The Guardian has an exclusive excerpt of the singer’s memoir, where he talks about his influences growing up and some of the ideas he’s had over the years. Without delving too deep into the history of U2, one of the more interesting anecdotes from the excerpt comes with Bono talking about the 2014 iTunes promotion for Songs of Innocence. The album was added to every iTunes account in 2014–to significant backlash.

“What was the worst that could happen? It would be like junk mail. Wouldn’t it? Like taking our bottle of milk and leaving it on the doorstep of every house in the neighborhood,” the singer writes. But the promotion ended up causing more backlash than Bono intended.

“I take full responsibility. Not Guy O, not Edge, not Adam, not Larry, not Tim Cook, not Eddy Cue. I’d thought if we could just put our music within reach of people, they might choose to reach out toward it,” Bono says of the free U2 album.

“Not quite. As one social media wisecracker put it, ‘woke up this morning to find Bono in my kitchen, drinking my coffee, wearing my dressing gown, reading my paper,’ or the less kind ‘the free U2 album is overpriced.’ Mea culpa.”

Bono says at first, he thought all the hubbub online about the free Songs of Innocence album would blow over. “We quite quickly realized we’d bumped into a serious discussion about the access of big tech in our lives. The part of me that will always be punk rock thought this is exactly what the Clash would do. Subversive.

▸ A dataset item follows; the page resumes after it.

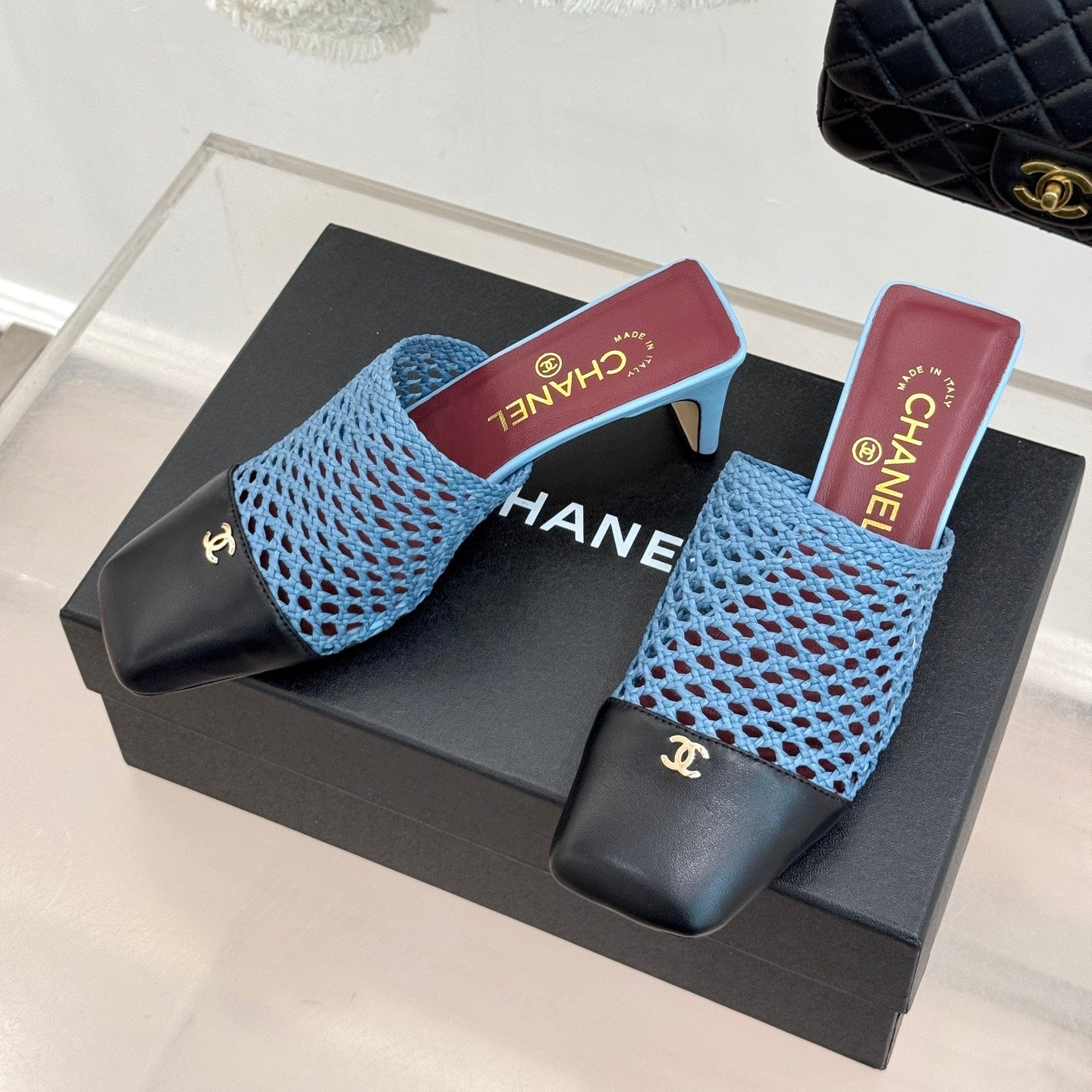 CC 26s Square-Toe Sandals Black Blue Distinct Woven 887978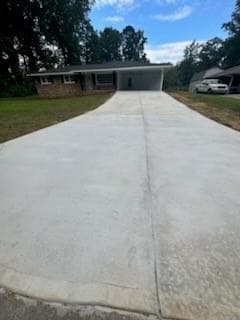 property at 1128 Lanier Dr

But subversive is hard to claim when you’re working with a company that’s about the be the biggest on Earth,” he continues.

Bono says Tim Cook stayed incredibly humble through the experiment–even when Apple eventually gave users a way to delete the album. “We ran with it, it may not have worked, but we have to experiment, because the music business in its present form is not working for everyone,” Bono says Cook told him.